Work instruction - Only the lines of the listing below that run from the line with "Colt Python Foam" through the line with "realistic design element: camera" are to be set down, word for word. Pictures stay out.

Supplied information -
Start of Block

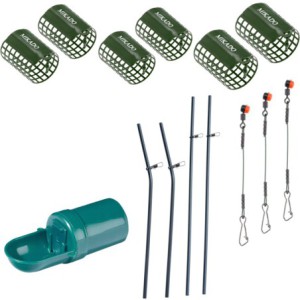 Zestaw Wędkarski Feeder Mikado Wędka+Kołowrotek+Akcesoria
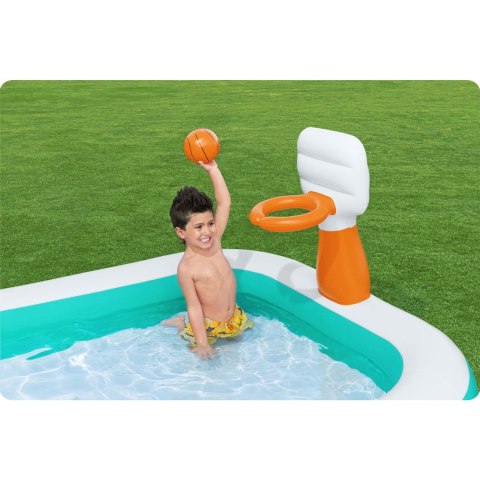 BASEN DMUĆHANY DUNK'N SPLASH 251 X 168 X 102 ĆM BESTWAY 54445 BASEN DMUĆHANY DUNK'N SPLASH 251 X 168 X 102 ĆM BESTWAY 54445
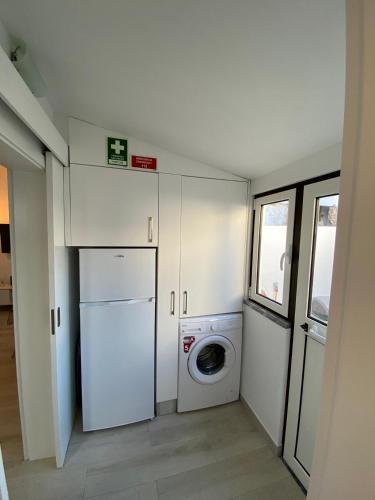 Η κουζίνα ή μικρή κουζίνα στο Casa da Matriz
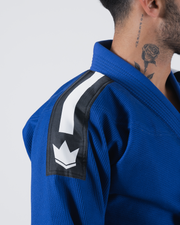 Sport Jiu Jitsu Gi - Blue KingzKimonos.com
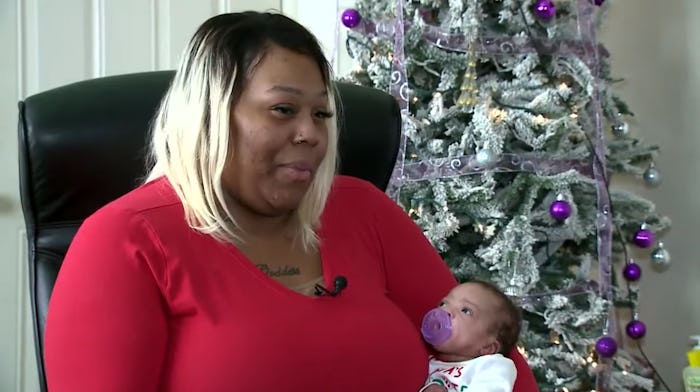 A Missouri woman has been given a clean bill of health and reunited with the baby she delivered whil...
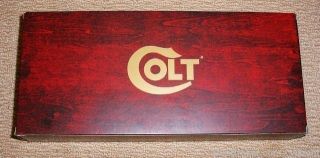 Colt Python Foam Insert Box or Trooper 1970s to late 1980s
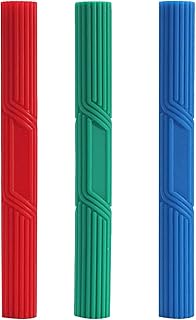 3 varillas de ejercicio de mano antideslizantes para fortalecer la mano con agarre de fuerza, barra de resistencia para codo de golfista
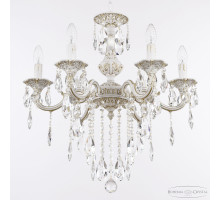 Подвесная люстра Bohemia Ivele Crystal AL78101/6/175 B WMG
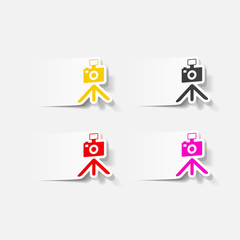realistic design element: camera
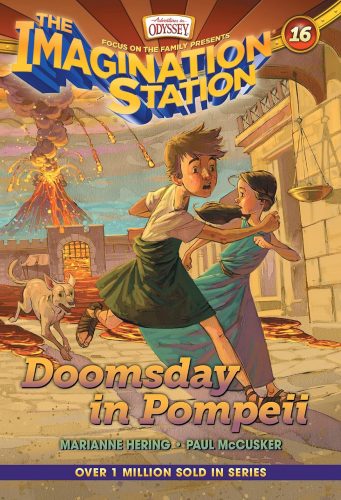 Book 16: Doomsday in Pompeii cover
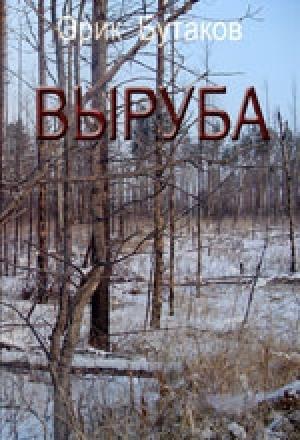 Обложка книги «Выруба» — Эрик Бутаков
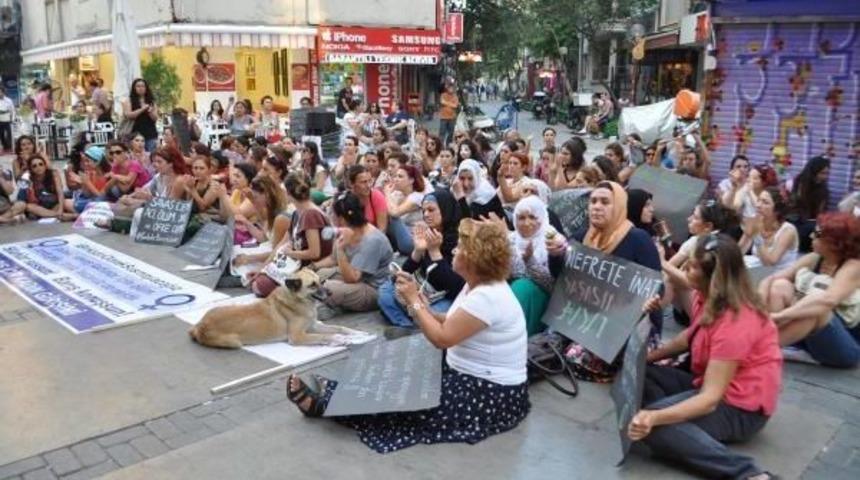 Kadınlardan 'barış Için Ses Çıkarıyoruz' Eylemi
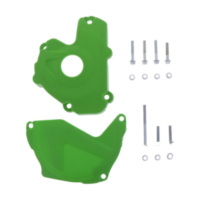 Clutch/ ignition cover protector green 90950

End of Block

Response area -
 Colt Python Foam Insert Box or Trooper 1970s to late 1980s
 3 varillas de ejercicio de mano antideslizantes para fortalecer la mano con agarre de fuerza, barra de resistencia para codo de golfista
 Подвесная люстра Bohemia Ivele Crystal AL78101/6/175 B WMG
realistic design element: camera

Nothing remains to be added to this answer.